- [Your instructions]
Of all the lines in the entries below, give again exactly those starting at the line containing "Illustration von Cartoon-Weltraum-Bär" and ending at the line containing "Un cycliste en", both ends included, and no others.

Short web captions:

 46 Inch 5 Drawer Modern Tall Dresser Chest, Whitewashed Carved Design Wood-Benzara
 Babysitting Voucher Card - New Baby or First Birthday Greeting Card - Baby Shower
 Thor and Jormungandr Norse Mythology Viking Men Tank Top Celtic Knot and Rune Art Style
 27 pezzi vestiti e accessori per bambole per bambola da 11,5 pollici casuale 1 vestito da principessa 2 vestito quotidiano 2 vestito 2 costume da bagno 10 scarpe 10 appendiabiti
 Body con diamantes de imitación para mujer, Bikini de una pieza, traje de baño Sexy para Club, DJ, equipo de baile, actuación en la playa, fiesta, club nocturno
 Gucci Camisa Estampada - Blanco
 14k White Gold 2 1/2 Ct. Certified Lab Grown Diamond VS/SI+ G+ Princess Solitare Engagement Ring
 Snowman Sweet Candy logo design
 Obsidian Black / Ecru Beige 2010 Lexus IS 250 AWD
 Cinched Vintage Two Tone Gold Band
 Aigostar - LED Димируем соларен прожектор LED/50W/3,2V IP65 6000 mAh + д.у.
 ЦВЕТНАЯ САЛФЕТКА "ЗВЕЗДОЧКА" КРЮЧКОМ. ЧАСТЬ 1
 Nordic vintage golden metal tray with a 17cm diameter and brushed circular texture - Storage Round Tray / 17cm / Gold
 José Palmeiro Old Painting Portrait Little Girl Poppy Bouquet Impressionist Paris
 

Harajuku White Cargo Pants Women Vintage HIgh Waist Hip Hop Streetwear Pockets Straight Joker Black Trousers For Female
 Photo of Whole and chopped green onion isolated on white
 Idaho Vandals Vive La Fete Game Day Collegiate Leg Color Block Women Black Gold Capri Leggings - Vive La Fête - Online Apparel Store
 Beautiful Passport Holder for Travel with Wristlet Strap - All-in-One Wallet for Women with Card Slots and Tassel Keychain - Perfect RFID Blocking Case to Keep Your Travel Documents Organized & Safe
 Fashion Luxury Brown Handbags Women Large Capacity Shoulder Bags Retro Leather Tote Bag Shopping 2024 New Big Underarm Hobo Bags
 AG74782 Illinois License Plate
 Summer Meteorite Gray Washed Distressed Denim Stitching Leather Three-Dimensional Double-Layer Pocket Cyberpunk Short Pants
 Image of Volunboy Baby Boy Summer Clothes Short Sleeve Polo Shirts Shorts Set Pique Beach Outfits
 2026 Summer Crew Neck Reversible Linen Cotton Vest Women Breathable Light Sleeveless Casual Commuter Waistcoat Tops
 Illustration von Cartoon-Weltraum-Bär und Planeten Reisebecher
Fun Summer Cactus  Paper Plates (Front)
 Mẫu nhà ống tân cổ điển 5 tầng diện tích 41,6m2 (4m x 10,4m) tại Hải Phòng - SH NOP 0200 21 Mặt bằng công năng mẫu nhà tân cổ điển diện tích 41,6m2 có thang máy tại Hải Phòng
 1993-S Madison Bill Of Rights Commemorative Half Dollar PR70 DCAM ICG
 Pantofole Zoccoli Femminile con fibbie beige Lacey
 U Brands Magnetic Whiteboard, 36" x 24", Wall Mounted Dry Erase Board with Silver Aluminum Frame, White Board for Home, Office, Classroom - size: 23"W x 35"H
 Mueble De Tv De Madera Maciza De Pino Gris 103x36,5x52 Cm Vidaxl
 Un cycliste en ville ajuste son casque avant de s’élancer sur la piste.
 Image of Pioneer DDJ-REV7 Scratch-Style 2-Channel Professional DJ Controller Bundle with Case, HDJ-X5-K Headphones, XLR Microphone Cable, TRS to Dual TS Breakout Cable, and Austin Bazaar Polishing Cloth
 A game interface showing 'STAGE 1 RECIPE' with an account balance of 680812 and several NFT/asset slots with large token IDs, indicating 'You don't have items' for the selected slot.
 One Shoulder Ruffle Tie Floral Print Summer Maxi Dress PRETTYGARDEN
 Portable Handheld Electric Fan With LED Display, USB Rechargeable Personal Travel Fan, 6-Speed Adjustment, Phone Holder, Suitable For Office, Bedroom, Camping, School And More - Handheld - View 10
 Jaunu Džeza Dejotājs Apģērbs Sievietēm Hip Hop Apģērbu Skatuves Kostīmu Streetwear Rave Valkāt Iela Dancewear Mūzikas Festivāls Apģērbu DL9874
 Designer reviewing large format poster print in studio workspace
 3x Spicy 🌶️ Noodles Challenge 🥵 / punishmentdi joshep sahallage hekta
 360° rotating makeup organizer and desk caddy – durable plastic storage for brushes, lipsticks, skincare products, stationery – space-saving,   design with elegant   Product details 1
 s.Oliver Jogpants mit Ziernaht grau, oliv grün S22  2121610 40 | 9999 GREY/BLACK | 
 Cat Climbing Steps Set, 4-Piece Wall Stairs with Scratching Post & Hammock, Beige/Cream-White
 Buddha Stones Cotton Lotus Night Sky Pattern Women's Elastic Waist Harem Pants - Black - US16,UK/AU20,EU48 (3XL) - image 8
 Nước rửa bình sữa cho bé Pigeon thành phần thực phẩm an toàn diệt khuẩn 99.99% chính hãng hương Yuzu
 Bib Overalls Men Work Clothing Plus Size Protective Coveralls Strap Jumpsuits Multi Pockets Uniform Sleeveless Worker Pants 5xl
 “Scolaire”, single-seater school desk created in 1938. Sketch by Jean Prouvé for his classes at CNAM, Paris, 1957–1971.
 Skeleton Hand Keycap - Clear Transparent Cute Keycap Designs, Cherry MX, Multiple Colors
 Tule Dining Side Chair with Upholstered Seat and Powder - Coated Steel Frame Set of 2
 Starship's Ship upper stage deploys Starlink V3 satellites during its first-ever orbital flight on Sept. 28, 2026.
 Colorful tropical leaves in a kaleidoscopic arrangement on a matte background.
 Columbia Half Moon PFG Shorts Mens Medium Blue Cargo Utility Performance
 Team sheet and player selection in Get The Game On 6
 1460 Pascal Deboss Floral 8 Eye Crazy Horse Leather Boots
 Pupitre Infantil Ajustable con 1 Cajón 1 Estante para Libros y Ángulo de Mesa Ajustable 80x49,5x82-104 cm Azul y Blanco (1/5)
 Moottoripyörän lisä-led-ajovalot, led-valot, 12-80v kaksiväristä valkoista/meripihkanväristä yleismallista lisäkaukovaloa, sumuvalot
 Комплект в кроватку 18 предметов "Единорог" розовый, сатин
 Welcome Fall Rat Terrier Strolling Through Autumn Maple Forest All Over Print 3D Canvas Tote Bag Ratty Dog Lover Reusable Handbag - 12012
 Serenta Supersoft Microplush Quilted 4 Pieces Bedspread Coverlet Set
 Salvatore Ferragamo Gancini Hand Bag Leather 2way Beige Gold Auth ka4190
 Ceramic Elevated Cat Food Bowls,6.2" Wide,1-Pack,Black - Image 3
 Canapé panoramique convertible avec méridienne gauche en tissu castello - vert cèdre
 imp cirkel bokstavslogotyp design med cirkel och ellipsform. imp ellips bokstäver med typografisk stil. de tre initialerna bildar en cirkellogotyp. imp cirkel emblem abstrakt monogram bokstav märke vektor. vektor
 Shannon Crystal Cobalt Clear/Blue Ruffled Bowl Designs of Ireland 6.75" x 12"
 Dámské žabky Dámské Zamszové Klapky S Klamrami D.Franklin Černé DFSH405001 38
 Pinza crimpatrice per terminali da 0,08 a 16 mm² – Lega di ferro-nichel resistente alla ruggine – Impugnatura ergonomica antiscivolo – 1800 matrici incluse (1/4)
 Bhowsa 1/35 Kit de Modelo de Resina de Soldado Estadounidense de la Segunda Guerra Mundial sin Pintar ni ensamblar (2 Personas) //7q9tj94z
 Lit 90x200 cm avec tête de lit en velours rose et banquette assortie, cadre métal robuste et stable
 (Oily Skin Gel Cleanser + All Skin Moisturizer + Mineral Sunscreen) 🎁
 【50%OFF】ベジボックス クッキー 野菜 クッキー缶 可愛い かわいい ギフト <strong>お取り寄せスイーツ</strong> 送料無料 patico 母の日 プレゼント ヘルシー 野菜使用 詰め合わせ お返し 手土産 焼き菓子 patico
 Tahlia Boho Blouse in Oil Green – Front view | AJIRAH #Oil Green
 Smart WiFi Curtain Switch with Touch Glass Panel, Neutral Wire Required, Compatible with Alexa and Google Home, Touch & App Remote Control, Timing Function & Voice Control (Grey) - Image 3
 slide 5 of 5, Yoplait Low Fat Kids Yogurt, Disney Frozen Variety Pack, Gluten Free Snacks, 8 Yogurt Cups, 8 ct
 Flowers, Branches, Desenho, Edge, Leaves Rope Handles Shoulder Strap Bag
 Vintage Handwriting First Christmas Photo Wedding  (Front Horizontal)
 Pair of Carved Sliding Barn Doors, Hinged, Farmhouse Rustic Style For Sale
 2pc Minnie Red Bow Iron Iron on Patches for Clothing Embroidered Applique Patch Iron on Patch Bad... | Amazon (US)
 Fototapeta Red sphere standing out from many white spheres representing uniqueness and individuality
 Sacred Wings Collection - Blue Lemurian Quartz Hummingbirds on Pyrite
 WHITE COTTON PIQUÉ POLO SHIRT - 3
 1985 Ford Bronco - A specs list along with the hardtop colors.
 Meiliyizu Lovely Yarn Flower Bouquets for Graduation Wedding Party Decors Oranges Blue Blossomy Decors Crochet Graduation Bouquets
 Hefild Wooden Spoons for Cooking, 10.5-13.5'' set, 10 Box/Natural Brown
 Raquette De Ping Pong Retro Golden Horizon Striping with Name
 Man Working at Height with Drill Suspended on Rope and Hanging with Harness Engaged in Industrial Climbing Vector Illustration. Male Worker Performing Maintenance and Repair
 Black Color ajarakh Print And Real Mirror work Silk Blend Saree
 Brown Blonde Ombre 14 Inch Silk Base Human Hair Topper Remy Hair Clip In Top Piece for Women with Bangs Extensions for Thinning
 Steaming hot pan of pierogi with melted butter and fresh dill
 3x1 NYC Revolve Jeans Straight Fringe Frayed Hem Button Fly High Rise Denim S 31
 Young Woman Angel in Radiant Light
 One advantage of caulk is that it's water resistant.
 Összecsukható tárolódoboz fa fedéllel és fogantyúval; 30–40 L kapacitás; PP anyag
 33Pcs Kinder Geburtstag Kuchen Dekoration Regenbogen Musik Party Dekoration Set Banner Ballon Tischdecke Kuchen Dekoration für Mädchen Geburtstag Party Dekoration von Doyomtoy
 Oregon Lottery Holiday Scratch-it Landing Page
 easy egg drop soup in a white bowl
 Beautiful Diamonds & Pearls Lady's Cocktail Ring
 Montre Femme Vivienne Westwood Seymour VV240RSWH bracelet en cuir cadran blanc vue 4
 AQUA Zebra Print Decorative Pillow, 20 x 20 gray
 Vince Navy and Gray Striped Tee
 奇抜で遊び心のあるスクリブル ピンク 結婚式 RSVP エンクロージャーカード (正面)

- [Output of the exercise]
 Illustration von Cartoon-Weltraum-Bär und Planeten Reisebecher
Fun Summer Cactus  Paper Plates (Front)
 Mẫu nhà ống tân cổ điển 5 tầng diện tích 41,6m2 (4m x 10,4m) tại Hải Phòng - SH NOP 0200 21 Mặt bằng công năng mẫu nhà tân cổ điển diện tích 41,6m2 có thang máy tại Hải Phòng
 1993-S Madison Bill Of Rights Commemorative Half Dollar PR70 DCAM ICG
 Pantofole Zoccoli Femminile con fibbie beige Lacey
 U Brands Magnetic Whiteboard, 36" x 24", Wall Mounted Dry Erase Board with Silver Aluminum Frame, White Board for Home, Office, Classroom - size: 23"W x 35"H
 Mueble De Tv De Madera Maciza De Pino Gris 103x36,5x52 Cm Vidaxl
 Un cycliste en ville ajuste son casque avant de s’élancer sur la piste.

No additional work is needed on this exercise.